Mambie, Adelinea; Pasquet, Armellea; Melliez, Huguesa; Bonne, Severinea; Blanc, Anne-Laurea; Patoz, Pierreb; Ajana, Faizaa

doi: 10.1097/01.aids.0000432448.53110.e3

aService des maladies infectieuses

bLaboratoire de microbiologie, Hospital Dron, Tourcoing, France.

Correspondence to Adeline Mambie, Service Universitaire des Maladies Infectieuses et du Voyageur, Centre Hospitalier de Tourcoing (Faculté de Médecine de Lille), 59200 Tourcoing, France. Tel: +33 3 20 69 46 16; fax: +33 3 20 69 46 15

The immune reconstitution inflammatory syndrome (IRIS) is a set of clinical and laboratory findings, related to the expression of opportunistic infections or of cancers. IRIS occurs in two ways: revelation (unmasked disease) or deterioration of a known infection or neoplasic disease (paradoxical reaction) [1]. It may be associated with many different opportunistic pathogens such as Mycobacterium tuberculosis, Cryptococci, JC polyomavirus, and hepatitis C and B virus [2]. This syndrome is usually characterized by an increased CD4 cell count and a rapid decrease in viral load [1]. The pathogenesis is speculative and seems to be caused by a recovery of pathogen-specific T cells responses and perturbations of innate immune responses [2].

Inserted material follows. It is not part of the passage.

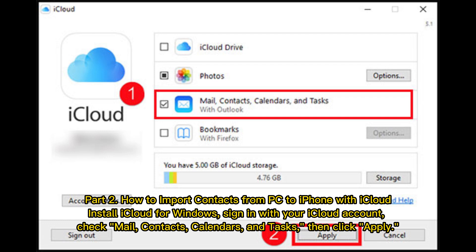Part 2: How to import contacts from PC to iPhone with iCloud. Install iCloud for Windows, then sign in with your iCloud account.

Histoplasma capsulatum var. capsulatum is endemic in central regions of sub-Saharian Africa and in the USA (Ohiao and Mississipi River valley) [3], and is an opportunistic fungal infection in HIV-infected patients with a CD4 low cell count of less than 50 cells/μl [3]. The pathogenesis remains unclear and seems to be related to airborne contamination from the soil (bird ant bat excrements) [4].

We report a case of IRIS related to a disseminated histoplasmosis infection in an African HIV-1-infected patient living in France.

A 28-year-old woman with a history of tuberculosis was diagnosed with HIV-1 after her childbirth in 2002 in Ivory Coast, and then she was lost to follow-up. In October 2011, she consulted for weight loss and fatigue. Her physical examination was unremarkable, her CD4 cell count was 3 cells/μl and viral load was 62 976 copies/ml (4.8 log). The patient started her antiretroviral therapy (ART) with tenofovir/emtricitabine, atazanavir and ritonavir, but she stopped it 1 month later because of a digestive intolerance and came back to the hospital.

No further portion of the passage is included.